Mardi 25 septembre 2018 au Grand Rex - Paris, le générique de fin de l’incroyable voyage de Thomas Pesquet dans la station spatiale internationale raconté par Pierre-Emmanuel Le Goff dans son film “16 levers de soleil” commence... Le son d’un saxophone emplit la salle et le voyage continue, porté par les notes d’un créateur sonore sans égal: Guillaume Perret. 3.000 personnes se lèvent pour acclamer l’aventure de toute une équipe. Les choses ne pouvaient pas s’arrêter là! Les projections du documentaire continuent partout dans le monde, et, parallèlement, un projet musical a pris forme: “Elévation”. Prêts au décollage? Bonne lecture!


“Elévation” résidence au Théâtre de Cornouaille - Quimper (c)

Bonjour Guillaume. Enchanté. J'ai eu la chance de voir l’avant première de “16 levers de soleil” au Grand Rex. Quand vous êtes arrivé avec le saxophone sur scène, toute la salle s’est envolée avec vous...
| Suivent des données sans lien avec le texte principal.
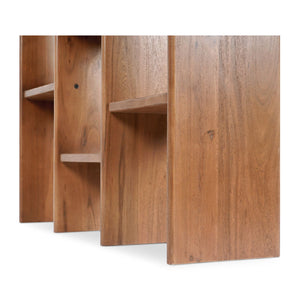 Modern European furniture - Solid Acacia 12-Shelf Bookcase - www.oroa.com
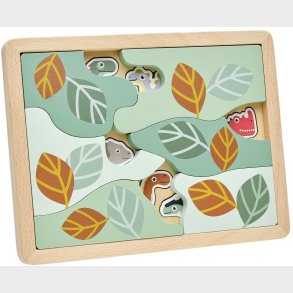 Moover Toys Gemte Dinosaurer Puslespil 6 Brikker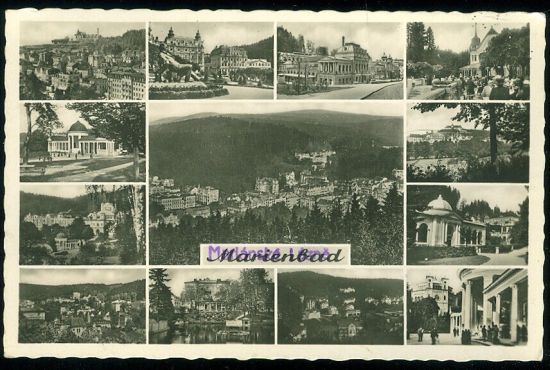 Marianske Lazne | antikvariat - detail pohlednice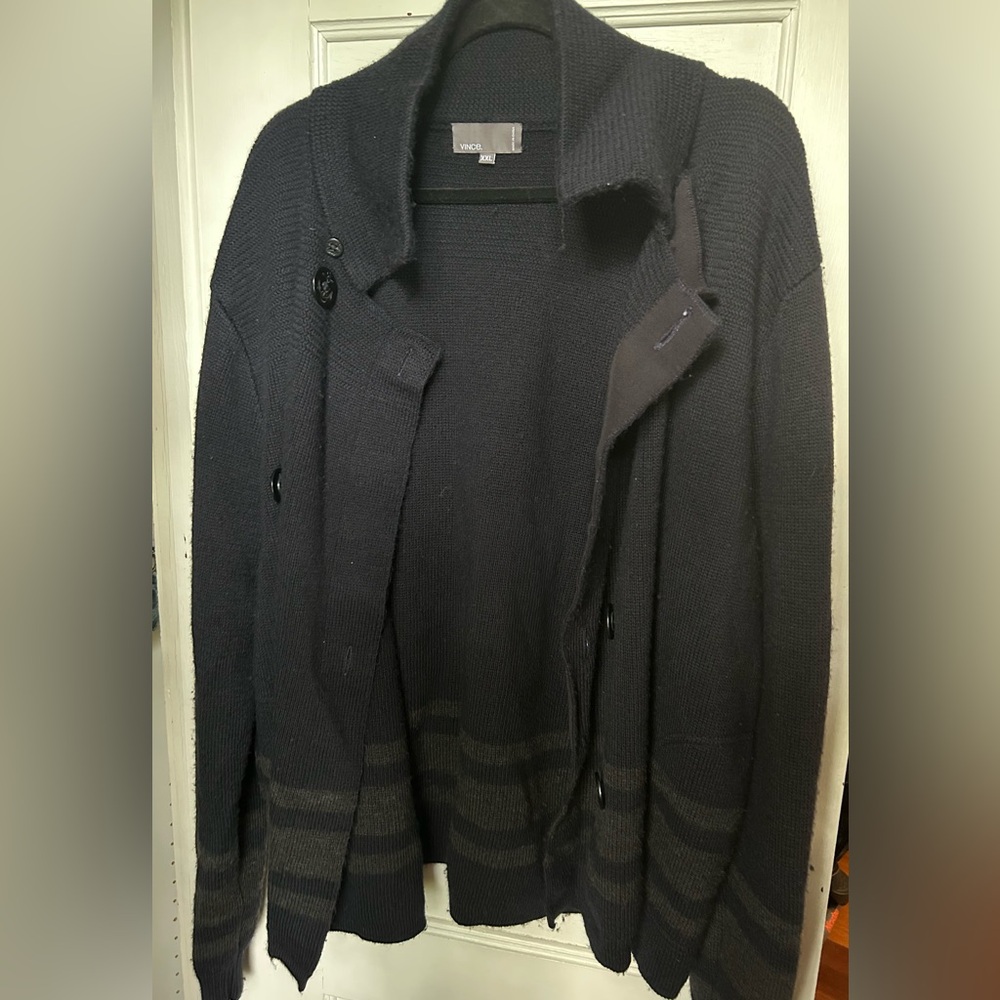 Vince Navy and Gray Men's Jacket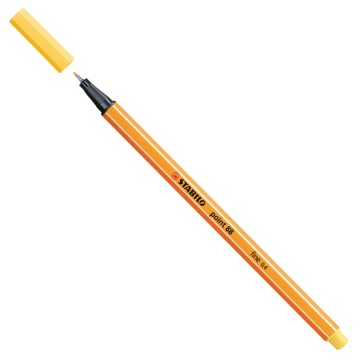 Fineliner Point 88 - punta 0,4 mm - giallo 44 - Stabilo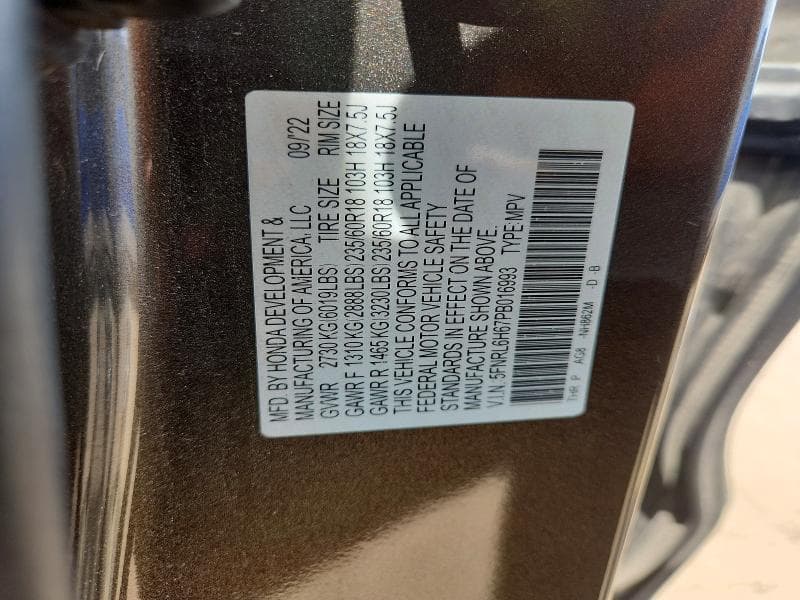 2023 HONDA ODYSSEY EXL 13
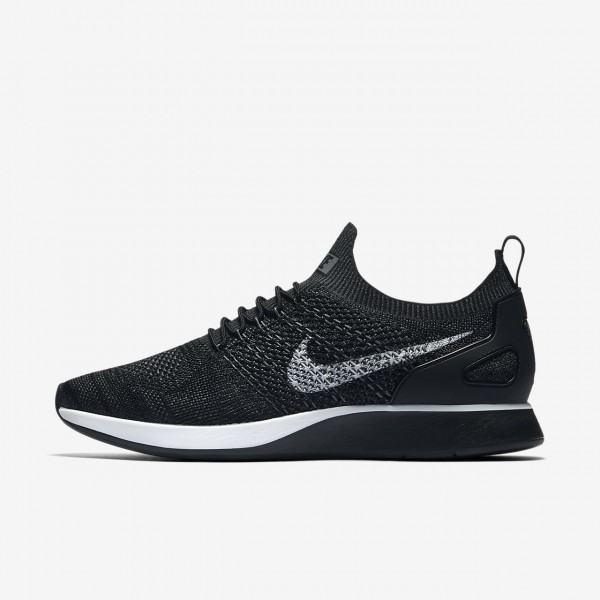 Nike Air Zoom Mariah Flyknit Racer Freizeitschuhe Herren Schwarz Dunkelgrau Platin 794-17880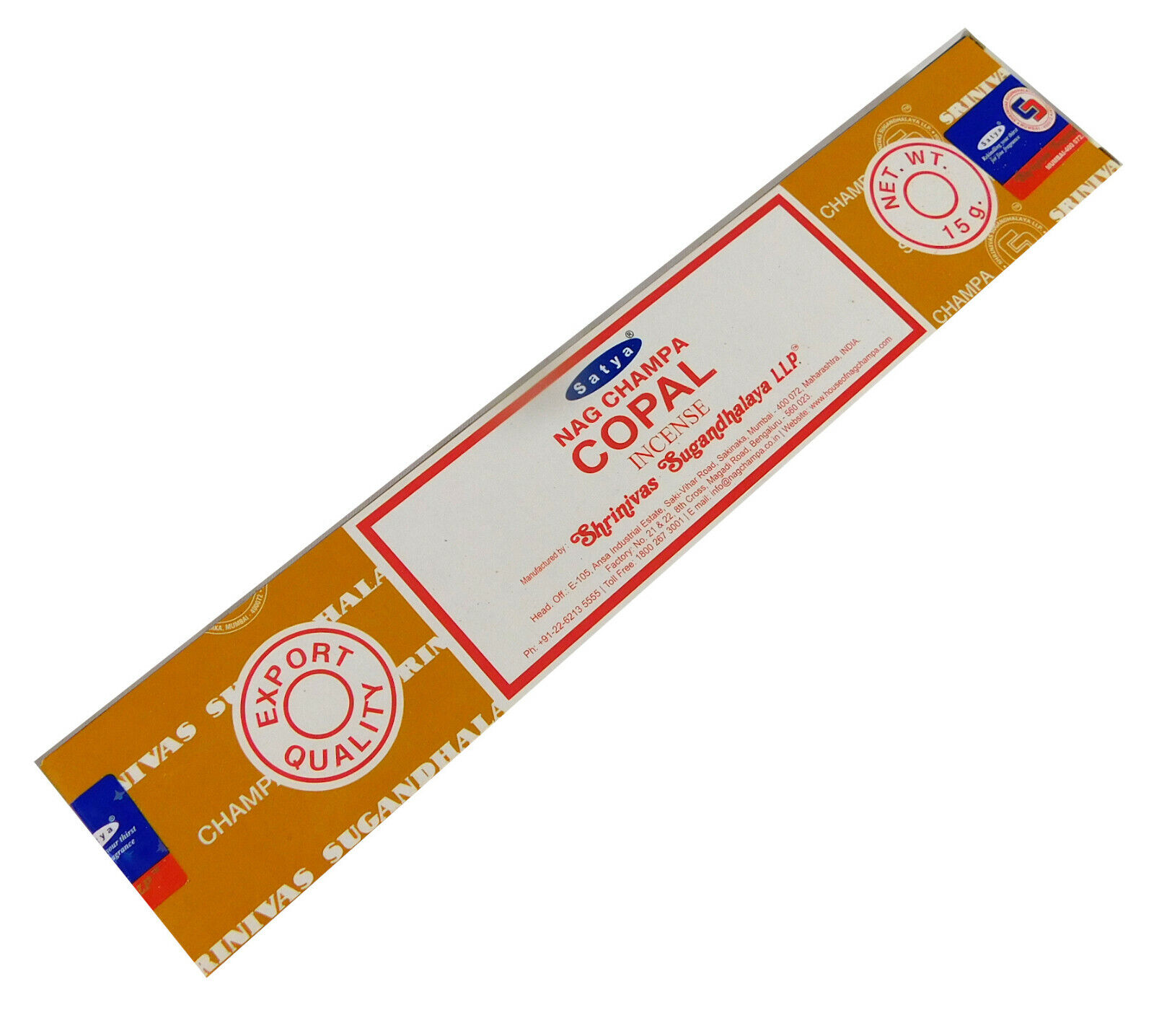 Bild von Räucherstäbchen Copal von Satya 15g Packung. Ca. 15 Incence Sticks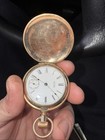Waltham American Pocket Watch Full Hunter Gold Filled Roman Dial Seconds 1890s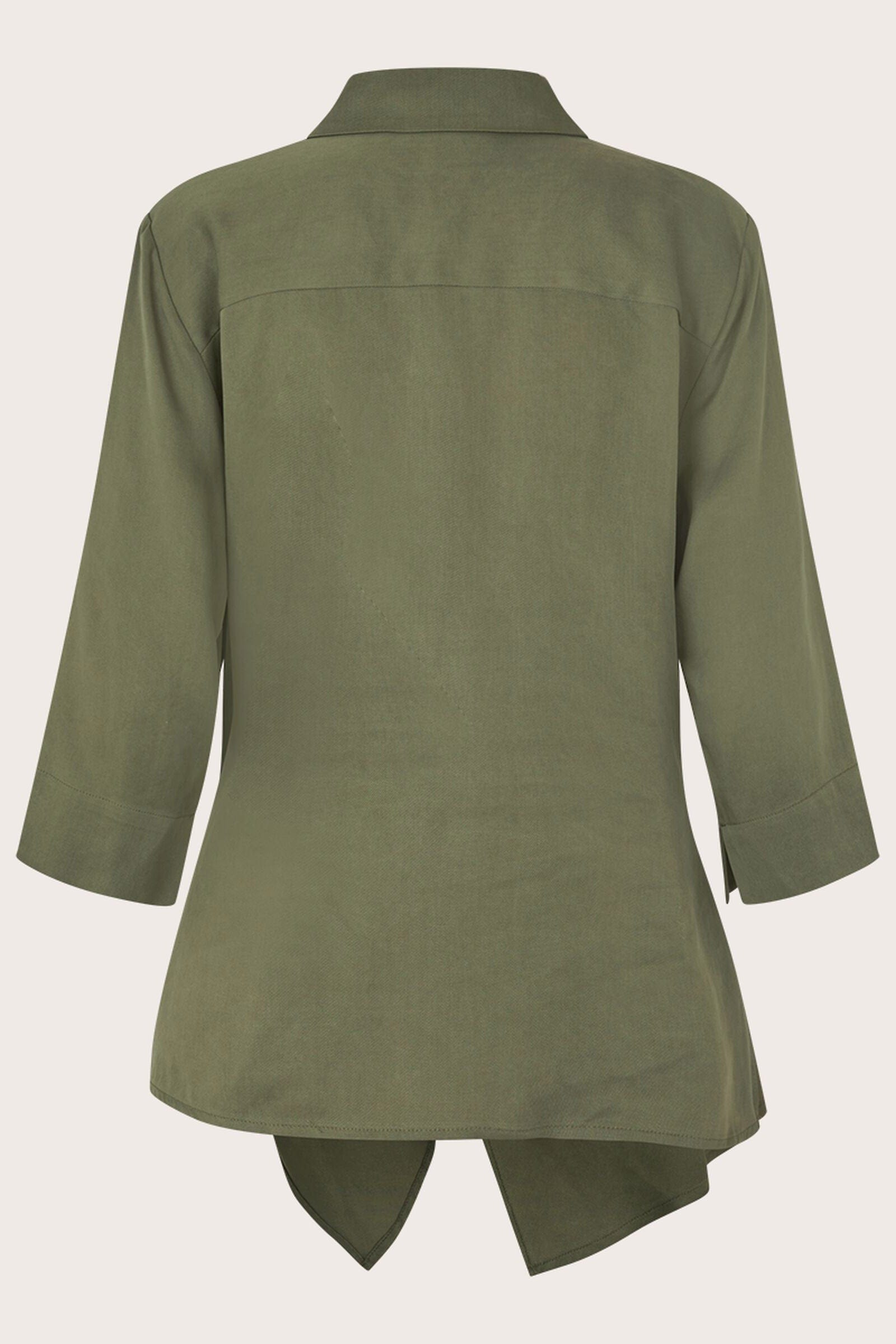 Masai Isalena Shirt - Dark Lichen Green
Bonjour Philippe. Oui, tout était magique ce soir-là.


On parle de vous comme d’un extra-terrestre qui produit des OVNIs musicaux. Pierre-Emmanuel Le Goff a bien fait de vous confier la BO de son film!


Disons que je fais les choses à ma manière, comme beaucoup d'artistes et j'ai un peu trouvé ma couleur, c'est sûr... Une manière particulière de travailler le son, le saxophone... Ca donne un univers qui est assez propice pour tout ce qui est l'idée du voyage, de la musique de films, des choses assez épiques aussi. Pour le domaine de l'espace, ça collait plutôt pas mal.
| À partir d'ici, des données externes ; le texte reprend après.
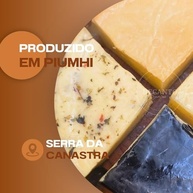 Kit 8 Queijos da Serra da Canastra 1kg - Kit 4 Queijos - Parmesão, Prato, Reino e Provolone Fresco Defumado Condimentado + Kit 4 Queijos Parmesão - Tradicional, Temperado, Defumado e Capa Preta. - imagem 4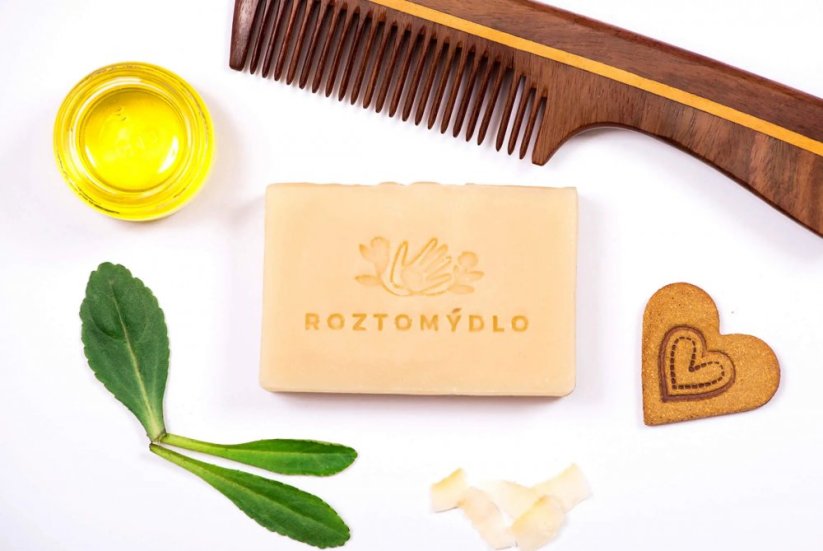 Roztomýdlo Shampoo sapone con la canapa e jojoba olio 100 G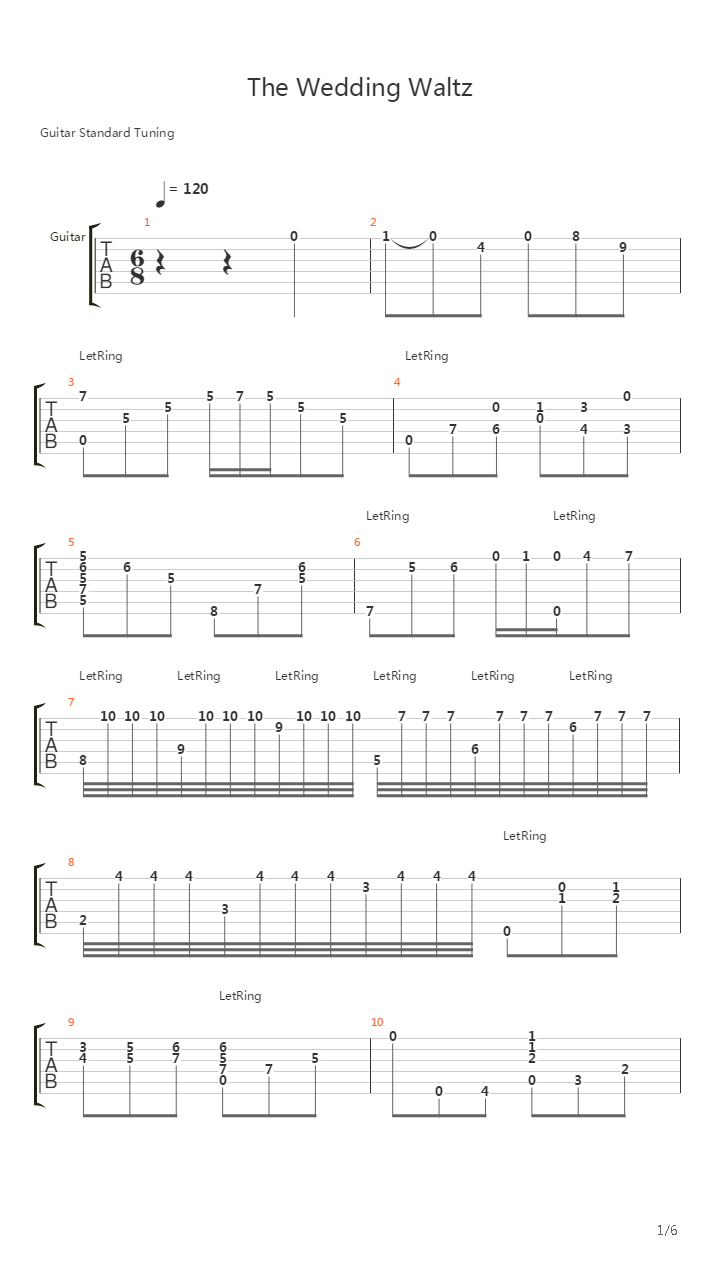 The Wedding Waltz吉他谱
Votre musique nourrit énormément l'imaginaire. De quoi vous nourrissez-vous vous-même pour composer ?


Souvent, je pars d'une vibe, par exemple, le morceau “Into the infinite” que Thomas Pesquet a pu enregistrer dans la station, je me suis vraiment imaginé au milieu de l'infini en train de regarder par un petit hublot dans une boite de conserve en orbite autour de la terre, d’observer le vide, l’espace... et puis de là sortent des matériaux que je travaille d’abord, que j'explore après. J'ai beaucoup musiques qui sont nées de spectacles, de danse, de chorégraphies ou de musique à l'image parce que ça m'aide et que ça donne une direction en fait. Ca donne un rythme, une esthétique, un contexte... Ca m'inspire beaucoup pour que les mélodies viennent d'avoir tous ces éléments


Vous travaillez comme un comédien en fait, vous vous plongez dans un univers et vous en cherchez les émotions?


Exactement. Pour mieux les extrapoler ou les communiquer...
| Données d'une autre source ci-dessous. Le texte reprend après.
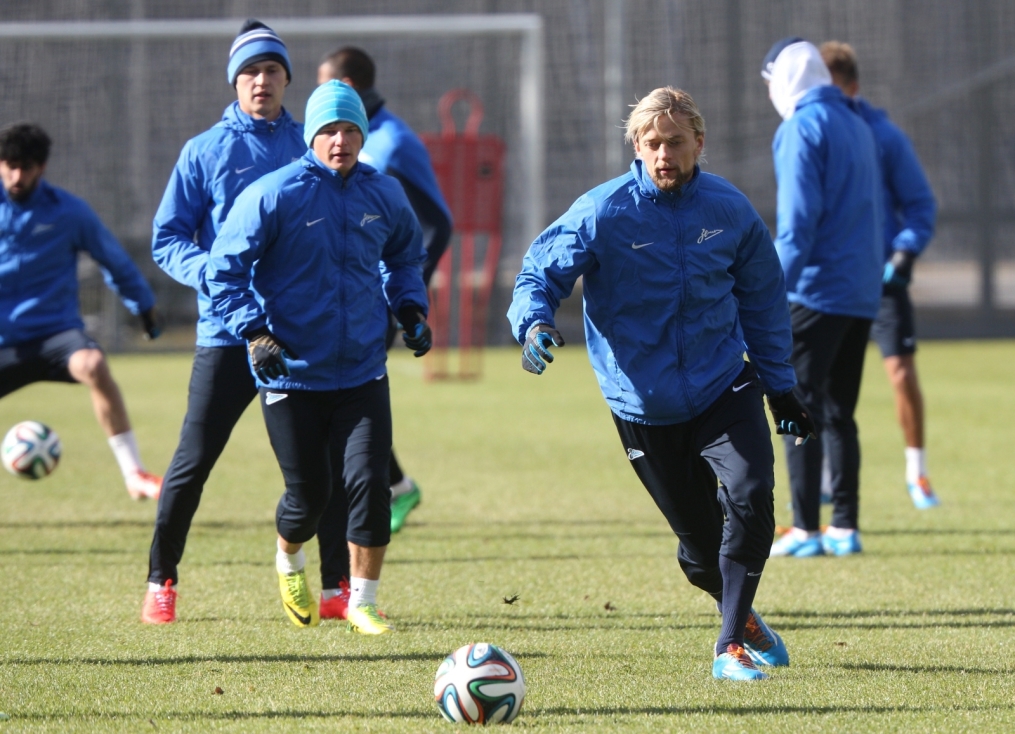 Открытая тренировка «Зенита» перед матчем с «Рубином»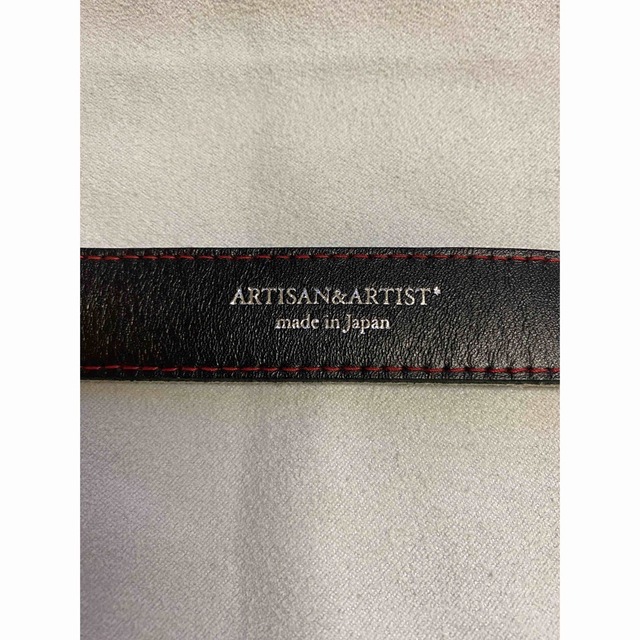 Artisan&Artist ストラップ　牛革ブラック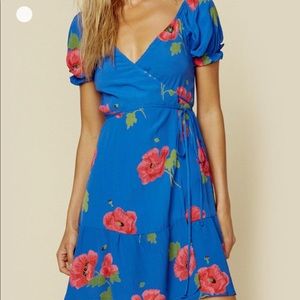 Faithful the brand Annabel wrap mini dress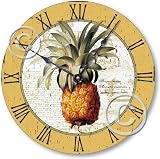 Item C2100 Vintage Style 10.5 Inch British Colonial Pineapple Clock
A part en tant que musicien, avez-vous fait de la scène, du théâtre?


Non! C'est vraiment la musique. Je serais affreux comédien, je pense... Je le sais! Je ne suis pas du tout à l'aise si je n'ai pas mon instrument, à moins que je parle de quelque chose que je connais, si je fais une conférence quoi. Je n'ai pas de problème pour m'exprimer devant des gens quand je sais où ça va. Par contre, jouer un rôle, avoir des expressions de visage... Impossible.


Votre médium, c'est la musique, le saxophone ? C'est le véhicule de vos émotions ?


Oui, complètement. Là, par contre, c'est pas de soucis. Disons que je fais vraiment corps avec mon instrument, même mon pédalier, tout ça on se fond, on devient une espèce d'entité, une sorte de tuyau pour envoyer un peu de toute sorte d'émotion.


Vous cherchez l'unité avec ce que vous générez musicalement?

On cherche l'unité partout. D'abord, on cherche l'unité avec soi-même, son instrument, son installation. Après, on va chercher l'unité avec les autres musiciens parce qu'un groupe qui joue vraiment ensemble sur l'énergie, on est comme un vol d'oiseaux dans le ciel. On tourne ensemble sans se regarder, on sait où ça va et on n'a pas besoin de communiquer beaucoup pour prendre des virages tous ensemble. Après, je cherche aussi l'unité avec le projet, donc pour une musique de film ou de la danse, il faut qu'on fasse corps aussi. Tout doit être unité. Pour ensuite faire unité avec le public également, qu'on soit tous ensemble, pour aller le plus loin possible.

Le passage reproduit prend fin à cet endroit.